Pricing adequacy depends on a number of factors, including the ability to obtain regulatory approval for rate changes, proper evaluation of underwriting risks, the ability to project future loss cost frequency and severity based on historical loss experience adjusted for known trends, the Company’s response to rate actions taken by competitors, its expense levels and expectations about regulatory and legal developments. The Company seeks to price its insurance policies such that insurance premiums and future net investment income earned on premiums received will cover underwriting expenses and the ultimate cost of paying claims reported on the policies and provide for a profit margin. For many of its insurance products, the Company is required to obtain approval for its premium rates from state insurance departments and the Lloyd's Syndicate's ability to write business is subject to Lloyd's approval for its premium capacity each year.
Geographic Distribution of Earned Premium
(% of total)
| Location | Business Insurance | Personal Insurance | Employee Benefits | Total | ||||
|---|---|---|---|---|---|---|---|---|
| California | 9 | % | 1 | % | 2 | % | 12 | % |
| New York | 5 | % | 1 | % | 3 | % | 9 | % |
| Texas | 5 | % | 2 | % | 2 | % | 9 | % |
| Florida | 3 | % | 1 | % | 1 | % | 5 | % |
| All other [1] | 36 | % | 10 | % | 19 | % | 65 | % |
| Total | 58 | % | 15 | % | 27 | % | 100 | % |
[1]No other single state or country accounted for 5% or more of the Company's consolidated earned premium in 2025.

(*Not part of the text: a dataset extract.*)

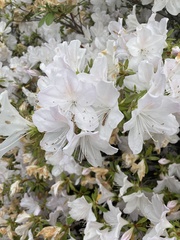 Rhododendron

Claims Administration for P&C and Employee Benefits
Claims administration includes functions associated with the receipt of initial loss notices, claims adjudication and estimates, legal representation for insureds where appropriate, establishment of case reserves, payment of losses and notification to reinsurers. These activities are performed by approximately 6,700 claim employees including, among others, claim adjusters, appraisers, attorneys, doctors, nurses, behavioral health specialists, investigators and data analytics professionals as well as training staff, management, and support staff. The Company contracts with a select number of approved regional, national and international suppliers to enhance claim capabilities and business resiliency.
The Company's claims teams manage losses across the U.S. and internationally, working from locations across the U.S. and in two of our international offices. The teams are organized to meet the specific claim service needs for our various product offerings. The claims organization is supported by data and analytics, technology, and strategy located across the U.S. and in two of our international offices.
As a leading provider of workers’ compensation and employee benefits coverages, the Company leverages data analytics to return employees to active, productive lives as soon and safely as possible. Clinical experts focus on opioid usage, vocational rehabilitation, behavioral health and medical case management which we believe provides the Company with a competitive advantage for managing medical costs.
The Company maintains a dedicated catastrophe claims organization that is positioned to respond to large-scale catastrophic events across the country. For the most severe events, the team is supplemented with additional Company staff to respond to claimants promptly after an event.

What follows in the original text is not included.